The expanse in northern Quebec, measuring about 4 square miles (10 square km), is made up of the volcanic rock basalt. To determine the age of the rocks, geochemists used isotopic dating methods analyzing the elements samarium and neodymium.

The scientists, who describe the discovery in the journal Science, said studying these rocks can give clues about what the planet was like early in its history. The solar system, including the Earth, was formed about 4.57 billion years ago. These rocks date from roughly 290 million years later.

Richard Carlson of the Carnegie Institution of Washington said certain characteristics of the rocks suggest that water was already present on the Earth’s surface. Scientists debate when oceans first appeared and whether water formed on the planet or was brought here when icy comets struck it.

The nature of the rocks also give clues as to temperatures when they formed, Carlson said.

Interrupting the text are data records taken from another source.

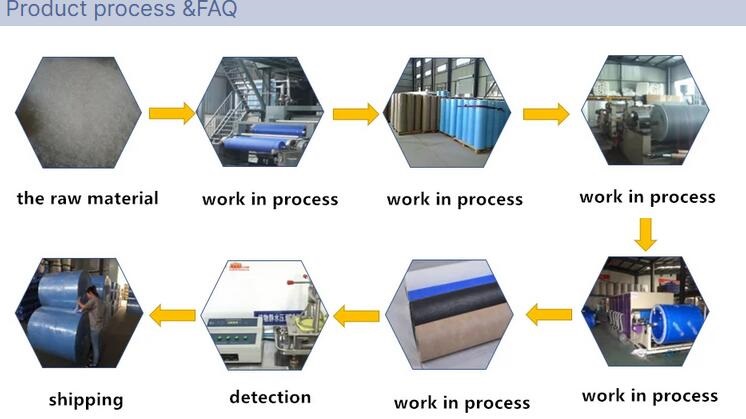 external breathable membrane process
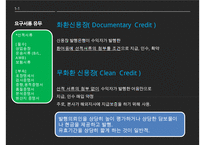 신용장의 종류와 발행신청서 작성요령과 세부 조항분석-4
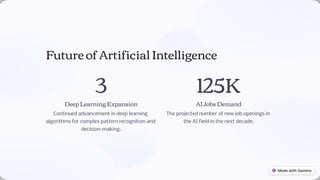 Future of Artificial Intelligence
3
Deep Learning Expansion
Continued advancement in deep learning
algorithms for complex pattern recognition and
decision-making.
125K
AI Jobs Demand
The projected number of new job openings in
the AI field in the next decade.
 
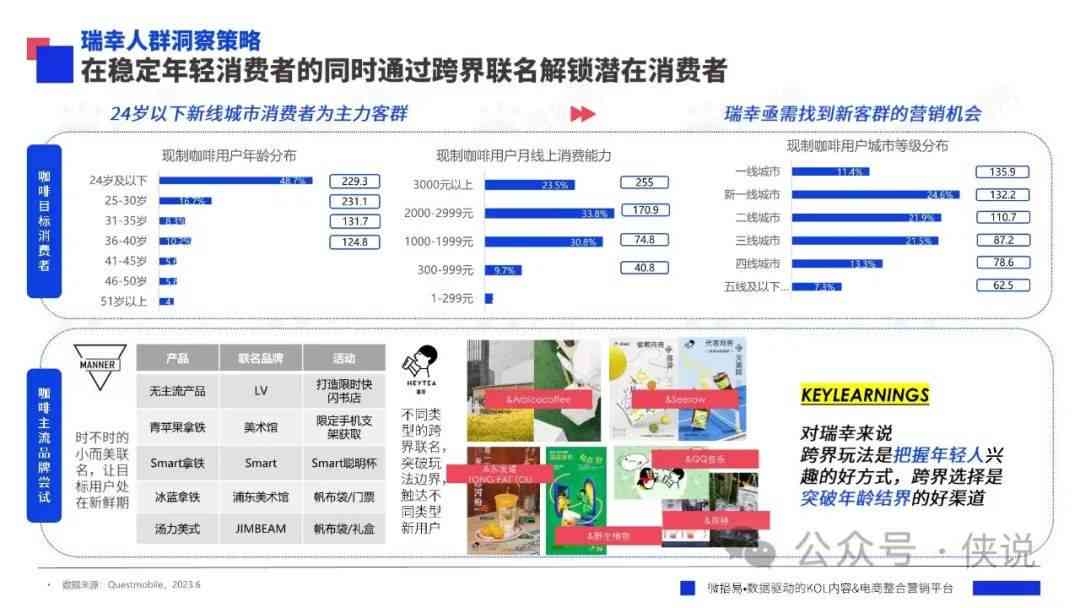 2023年度AI写作平台全面评测：十大热门网站排行榜及用户指南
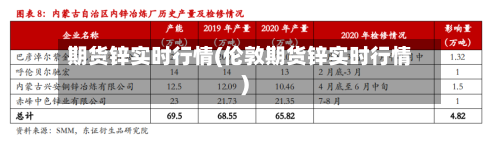 期货锌实时行情(伦敦期货锌实时行情)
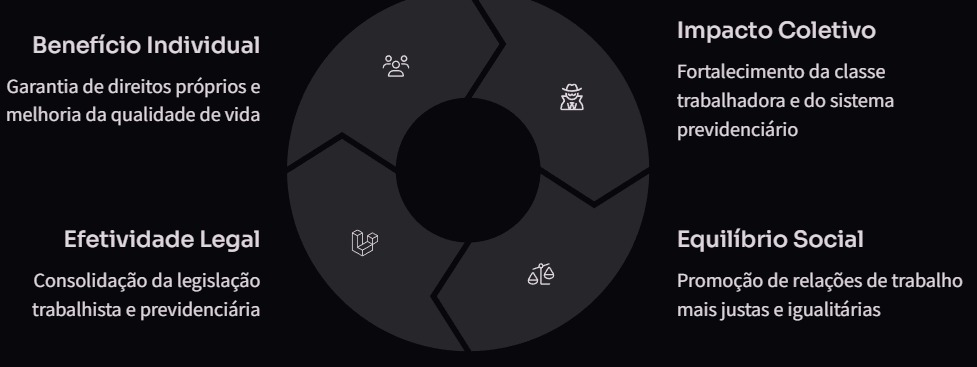 Infográfico - Direitos na Aposentadoria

“Probably when the planet formed it was a cauldron, but even this early in Earth history it had cooled down to something not dramatically different from today — probably hotter but not dramatically hotter,” Carlson said.

The scientists did not find direct evidence of life in the rocks. The earliest life is thought to have been bacteria.

“We know that probably the right environment was there for life to be on the Earth—so liquid water and all it takes to have life. Now was there life? This is a big question mark,” O’Neil said.

The previously known oldest rocks, in Canada’s Northwest Territories, are 4.03 billion years old.

While some tiny mineral grains from western Australia date from 4.36 billion years ago, no complete rocks have been found older than these newly identified ones, the scientists said.

The rocks, found in an area called the Nuvvuagittuq greenstone belt, are a pinkish, brownish color.

“It’s a very pretty rock. It’s layered pink. And then it’s got big garnets in it that make big, round blobs in the layering,” Carlson said.

Naturally, the various articles quoted in this report, as well as the original research article published in Science Magazine, have some qualifying statements about the accuracy of the findings and the implications that can be drawn from them. Nonetheless, the evidence is corroborative of various statements made in The Urantia Book regarding the specific location of the oldest rock on earth, the conditions that created it and its current condition. The Urantia Book’s statements related to the formation of the earth’s ocean, the relationship of precipitation and ocean formation to the formation of the earth’s crust, and the intermixing of this early rock with later volcanic extrusions and other rock are all reasonably correlated to and corroborated by the recent findings.